Was war es, das den Bürger einer Demokratie seinen Stolz, ein Republikaner zu sein, verlieren ließ? War es die hochgespannte Rhetorik vom »Souverän«, die sich im republikanischen Alltag nur in den enttäuschenden Alternativen am Wahltag erfüllte? War es das Gefühl der Ohnmacht, das den einzelnen im egalitären Massenstaat erfüllte, das eindringliche Gefühl, es komme auf ihn und seine Wünsche nicht an? War es die Leichtigkeit, mit der sich die demokratische Ideologie mißbrauchen ließ, die Allgegenwart der Demagogie, die Scham darüber, unablässig von den Politikern belogen zu werden, aber zugleich den Politikern etwas anderes als die Lüge gar nicht zu gestatten – ein Verhältnis zwischen Politikern und Bürgern, das mit dem zwischen Rauschgiftsüchtigen und Dealern verglichen wurde? Ganz gewiß ist für den Mangel an Stolz, mit dem die europäischen Demokraten auf ihre Gemeinwesen blicken, auch verantwortlich, daß die Geschichte der Demokratisierung Europas mit dem politischen Niedergang Europas verbunden war. Die Demokratie in Europa ist die Geschichte eines gigantischen, in der Geschichte der Menschheit einzigartigen ökonomischen Erfolges, der mit einem für Europa ebenfalls neuartigen Verlust an Macht und politischem Einfluß einherging. Die modernen Europäer teilen das Schicksal Venedigs nach der Entdeckung Amerikas: Sie sind reich, aber der Takt der Musik wird anderswo angegeben.

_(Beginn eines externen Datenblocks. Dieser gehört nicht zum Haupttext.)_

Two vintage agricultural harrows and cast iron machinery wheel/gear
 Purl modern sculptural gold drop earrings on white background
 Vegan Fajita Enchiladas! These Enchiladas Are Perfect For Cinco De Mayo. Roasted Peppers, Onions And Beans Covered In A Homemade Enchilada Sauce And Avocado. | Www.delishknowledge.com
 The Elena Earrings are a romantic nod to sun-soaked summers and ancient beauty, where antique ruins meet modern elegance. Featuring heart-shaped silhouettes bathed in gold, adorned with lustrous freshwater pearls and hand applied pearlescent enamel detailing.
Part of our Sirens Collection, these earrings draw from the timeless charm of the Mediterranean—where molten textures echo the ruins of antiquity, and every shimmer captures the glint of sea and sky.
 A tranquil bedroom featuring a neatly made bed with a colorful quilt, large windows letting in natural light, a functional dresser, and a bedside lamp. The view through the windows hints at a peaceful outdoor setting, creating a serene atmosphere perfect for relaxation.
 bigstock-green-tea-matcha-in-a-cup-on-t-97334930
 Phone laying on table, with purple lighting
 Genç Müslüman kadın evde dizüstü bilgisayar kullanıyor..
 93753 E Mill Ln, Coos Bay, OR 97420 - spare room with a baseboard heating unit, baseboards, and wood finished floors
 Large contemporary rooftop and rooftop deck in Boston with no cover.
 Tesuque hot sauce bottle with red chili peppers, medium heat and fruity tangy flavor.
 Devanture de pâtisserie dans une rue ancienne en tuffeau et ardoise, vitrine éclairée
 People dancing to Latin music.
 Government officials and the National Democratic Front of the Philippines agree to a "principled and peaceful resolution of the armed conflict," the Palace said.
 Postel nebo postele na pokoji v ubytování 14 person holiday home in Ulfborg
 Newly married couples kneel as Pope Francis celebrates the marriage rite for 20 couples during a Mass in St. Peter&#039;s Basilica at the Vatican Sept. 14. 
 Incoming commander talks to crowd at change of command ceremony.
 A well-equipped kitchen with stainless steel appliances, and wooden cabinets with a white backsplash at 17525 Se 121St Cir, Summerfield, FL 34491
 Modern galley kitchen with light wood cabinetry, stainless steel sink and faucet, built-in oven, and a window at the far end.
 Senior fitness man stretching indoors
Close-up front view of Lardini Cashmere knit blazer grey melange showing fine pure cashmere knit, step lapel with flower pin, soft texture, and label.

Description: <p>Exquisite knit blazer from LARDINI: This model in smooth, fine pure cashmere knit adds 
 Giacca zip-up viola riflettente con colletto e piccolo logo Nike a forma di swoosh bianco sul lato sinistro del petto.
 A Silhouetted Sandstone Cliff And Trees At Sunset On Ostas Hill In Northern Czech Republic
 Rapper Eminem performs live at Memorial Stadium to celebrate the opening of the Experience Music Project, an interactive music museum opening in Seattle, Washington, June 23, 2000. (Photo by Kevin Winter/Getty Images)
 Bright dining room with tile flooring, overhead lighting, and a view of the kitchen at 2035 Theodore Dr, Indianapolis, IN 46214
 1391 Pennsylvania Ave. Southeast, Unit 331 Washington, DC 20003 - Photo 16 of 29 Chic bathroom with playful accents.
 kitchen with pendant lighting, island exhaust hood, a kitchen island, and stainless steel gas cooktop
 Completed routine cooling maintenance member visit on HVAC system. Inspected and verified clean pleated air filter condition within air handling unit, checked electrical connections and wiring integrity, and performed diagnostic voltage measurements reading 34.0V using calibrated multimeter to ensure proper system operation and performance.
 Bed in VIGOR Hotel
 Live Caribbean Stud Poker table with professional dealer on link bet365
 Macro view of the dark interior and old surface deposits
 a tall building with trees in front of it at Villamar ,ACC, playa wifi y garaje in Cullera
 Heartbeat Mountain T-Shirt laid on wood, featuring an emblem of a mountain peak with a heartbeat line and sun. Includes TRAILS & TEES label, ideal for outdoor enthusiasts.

Und es bewahrheitet sich, daß der Mensch für ökonomische Gaben nicht lange dankbar ist. Der Luxus wird selbstverständlich, um so mehr als der neue europäische Luxus mit heizbaren Swimmingpools und Garage für den Zweitwagen keinerlei Charme besitzt. Was die Europäer besitzen, sind nicht die »Berge aus Gold«, die Eldorado zum Ziel der Abenteurer machten. Ein Swimmingpool für jedermann ist ein beinahe erreichbares Ziel; der Kapitalismus hat das Märchenland des Karl Marx, in dem der Überfluß herrschte, in greifbare Nähe gerückt, man ahnt, wie es aussehen könnte, in manchen Gegenden der Erde ist es bereits verwirklicht – mit dem Ergebnis, daß sich alle Leute von Geist in Regionen flüchten, die von diesem Ziel so weit wie irgend möglich entfernt sind. Das Grab Christi zu befreien konnte über Jahrhunderte die Herzen der Armen und der Reichen mit wilden Träumen und der Bereitschaft zu äußersten Opfern erfüllen; der Traum vom heizbaren Swimmingpool bewegt die müden Hinterteile schon heute nicht mehr zehn unbezahlte Schritte über die Straße.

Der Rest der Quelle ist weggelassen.